El entusiasmo por Yourcenar no le fue transmitido por su amigo José Antonio Lugo, estudioso de las letras francesas, reconocido francófilo y devoto de la autora nacida en Bruselas en 1903, bajo el nombre de Marguerite Cleenewewerck de Crayencour. Traducirla al castellano es privilegio de unos cuántos, entre ellos Julio Cortázar y Lugo. El segundo, en el prólogo que escribió para La voz de las cosas, dice:

“En Alexis o el tratado del inútil combate, a los 20 años, Yourcenar escribió: ‘Toda felicidad es una inocencia’; a los 50, en Memorias de Adriano: ‘Toda felicidad es una obra maestra’, y a los 80, en un hotel de Tokio, adonde había viajado para escribir su libro sobre Yukio Mishima, afirmó: ‘Sentí, no un instante de felicidad, porque la felicidad no se mide por instantes, sino la súbita conciencia de que la felicidad nos habita’. De la primera cita a la última hay una distancia de 60 años, seis décadas en las que aprendió el secreto que sólo les es revelado a los verdaderamente sabios: la aceptación absoluta de la vida y la comunión con la belleza y el misterio de nuestro paso por este mundo.”

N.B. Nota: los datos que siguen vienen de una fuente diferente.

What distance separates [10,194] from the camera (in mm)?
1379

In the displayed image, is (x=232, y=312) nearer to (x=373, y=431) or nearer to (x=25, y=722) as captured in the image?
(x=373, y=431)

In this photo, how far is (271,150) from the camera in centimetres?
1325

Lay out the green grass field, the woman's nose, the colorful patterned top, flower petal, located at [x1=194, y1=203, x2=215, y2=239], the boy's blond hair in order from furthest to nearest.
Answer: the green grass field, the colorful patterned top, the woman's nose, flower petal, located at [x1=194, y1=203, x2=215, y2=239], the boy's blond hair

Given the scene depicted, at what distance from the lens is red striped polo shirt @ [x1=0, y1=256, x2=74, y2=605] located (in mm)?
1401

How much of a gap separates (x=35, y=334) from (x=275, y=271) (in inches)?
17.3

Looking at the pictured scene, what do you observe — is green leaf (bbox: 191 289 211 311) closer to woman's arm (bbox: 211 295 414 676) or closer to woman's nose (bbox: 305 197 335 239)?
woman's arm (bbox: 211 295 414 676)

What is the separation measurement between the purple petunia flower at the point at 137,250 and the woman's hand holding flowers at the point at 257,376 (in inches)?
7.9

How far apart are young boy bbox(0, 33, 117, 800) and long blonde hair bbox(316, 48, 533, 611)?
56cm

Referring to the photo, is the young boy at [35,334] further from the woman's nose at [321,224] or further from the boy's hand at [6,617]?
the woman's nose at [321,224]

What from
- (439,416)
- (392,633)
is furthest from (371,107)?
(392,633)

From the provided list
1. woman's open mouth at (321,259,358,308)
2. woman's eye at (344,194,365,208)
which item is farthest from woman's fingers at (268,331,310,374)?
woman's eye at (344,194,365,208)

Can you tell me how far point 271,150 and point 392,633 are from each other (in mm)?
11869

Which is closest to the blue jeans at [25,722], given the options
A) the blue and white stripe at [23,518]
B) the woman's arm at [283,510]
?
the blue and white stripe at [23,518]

No fue, pues, José Antonio Lugo, sino Jesús Tapia Avilés, periodista de época en Sonora, quien lo condujo a Yourcenar.

Tapia Avilés, durante los últimos años de su vida, fue un amigo generoso del autor de este texto. La diferencia de edades nunca fue obstáculo. Por el contrario: aquél percibía en éste el idealismo, la testarudez y la temeridad que lo caracterizaron en su juventud, elementos que se conjuntaron para que un buen día emprendiera el camino rumbo a la Sierra Maestra para entrevistar a Fidel y al Ché. Éste veía en aquél a un maestro de la vida y del periodismo, no obstante que se asumía como un hombre de izquierda, y su camarada, en veloz tránsito hacia la vejez, se mostraba cercano al oficialismo, aunque negaba ser priista. En su propia definición, decía ser liberal, juarista y ateo.

Jesús tenía setenta y tantos años, y cinco de haber vencido al cáncer, cuando los médicos le dijeron que la enfermedad había atacado de nuevo su organismo. El fin estaba cerca. Se lo comentó a su amigo por teléfono, pero él creyó que exageraba. ¿Cómo podía estar tan cerca de la muerte y, al mismo tiempo, tan entusiasmado con un libro que acababa de leer y que quería regalarle? De eso quería hablarle. Por eso lo invitó a su casa ese mismo día. Ya, con urgencia.

Después de haber sido proscrito del medio periodístico sonorense por el gobernador de la entidad, a principios de 1998, sólo Jesús había decidido hacer caso omiso de la consigna y abrir las páginas de la publicación que dirigía a los textos de su joven colega. Durante meses escuchó con paciencia, una y otra vez, los detalles de un proyecto largamente imaginado por su colaborador, que entonces como ahora no tiene nombre. El plan estaba inspirado en Balzac y La comedia humana. A Jesús le divertía una empresa tan pretenciosa, pero la alentaba.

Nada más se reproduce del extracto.